Thursday, August 12, 2010

smooth space in strada?

Has it really been three weeks or so since the last post? Much has transpired since then, much time spent offline and much online time spent on sites like Twitter and Facebook where the turnstiles move much more quickly than here. But it's liberating to be able to write even that last sentence, which I'm guessing might tip the scales at over 140 characters. Which makes me think, ironically, of a great tweet: "Blogging on an honest-to-goodness blog like taking off one's shoes and stretching out at the end of a long day". Though I might have to remove some of the intermediary verbiage.

Today I feel like I both want and need this space (is there an English word that encompasses both 'want' and 'need'? how many songs can you think of that put these two into sequence, usually in that order--"I want you, I need you, I love you...") as a place to blow off steam as I try to trudge through 600 or so words on the article-that-is-dissertation chapter I'm working on, on the interface. For the last week or so I've been tossing around some ideas on Deleuze and Guattari's concepts of smooth and striated space, and today's one of the days when we'll see if we can make something happen with it.

Perhaps a little academic liveblogging? This is as much exercise for the fingers and the mind that it is actual writing--these words are quire devoid of content, but, then again, who actually reads this blog anyway?

  • 2:42pm.

Wednesday, July 21, 2010

Writing Boot Camp, Day 1

11:40AM. OK, so I've sworn off Facebook for the 4-hour window of the little experiment in social pressure that is the "Kick (Your Own) Butt Writing Boot Camp", but I'm going to try to keep a blog window open to keep the writing happening and perhaps (?) work through writer's blocks that come up while sitting here. The first day is in Actual Cafe at Alcatraz and San Pablo and, true to form, I'm the only one here. Along with all the other wonderful people in the cafe, of course.

But of course that's not true...I think that there will be other people who want to kick their butts into shape a little bit and get writing as well, and what's needed is a little bit of structure. How to create that in the me-first crowdsourced, anti-hierarchical age we live in? And how can "boot camp" be anything other than a playful metaphor for consumption just like all the rest, when even the Army has now for a few years resorted to the slogan "Army of One"?

1:09PM. Not much blogging in the last few hours is, hopefully, a good thing. Over 400 words written in the past 4 hours which is also, hopefully, a good thing. 100 words/hour actually feels like a fast pace given where I've been in writing recently. The reality with reading and note-taking figured in--let alone sleeping, eating, exercise, working, and the myriad other activities and distractions that fill everyday life--is that it's slower. And to project out to the number of words required for the whole dissertation is, in a word, depressing.
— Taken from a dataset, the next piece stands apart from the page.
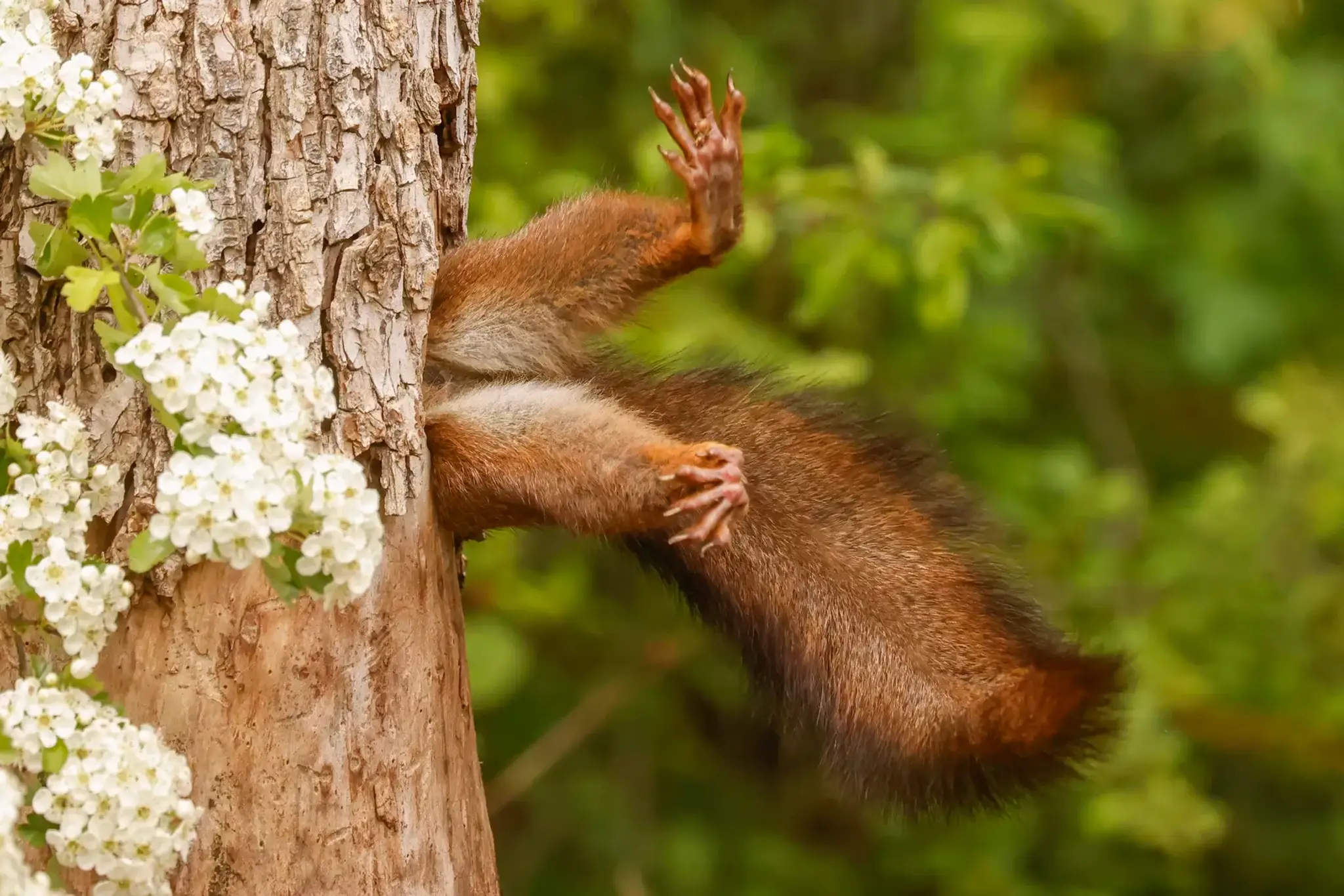 Víťazná snímka Nikon Comedy Wildlife Photography Awards.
Anyway, it was a good start. Thanks, Actual.

Tuesday, June 29, 2010

a diet of sorts. but with whose body? and to whose health? (4)

After 72 hours off, I just reactivated Facebook. And I have to say, my response as I went to the Facebook page, auto-filled the login and password fields, and press the "connexion" button was visceral. I felt it in my stomach. Revulsion. A slight urge to barf.

I'm not kidding. Maybe it had something to do with the fact that I was just running up in the stadium, and my body was sort of there already. But even looking over all the familiar icons, shapes, colors, and boxed-in faces and statements, it looked slightly foreign. A place where I may belong in some sense, but whose constraints on relationships and utterances and appearances and manners of being seemed lined up in cells, standing out in clear relief. We put ourselves in those little boxes, fit ourselves and our forms into its blue-and-white reverse-chronological ad-lined incessantly-connectifying matrix. Encased. Kind of like Han Solo in deep freeze.

I'm sure *I* am the same way on this blog, on Twitter, and wherever else I am, where you are, where we are. Simultaneously enabled and incredibly constrained, shaped and formed by the medium.

I suppose that's the precondition for all of our utterances, in this body and that--to be constrained and enabled by the same mechanisms of being and articulation.

Yet never have I felt so strongly that one reason Facebook is so comfortable on the inside, and is (at the present moment anyway!) seeming so gross from the outside, is that being there is like all sharing the same body--our body, where we live discursive and cyber-embodied lives something akin to parasites (feeding on ourselves, each other?), creative at the local level and utterly dependent on the greater system for the life, the flesh, the blood, the circulation it affords us.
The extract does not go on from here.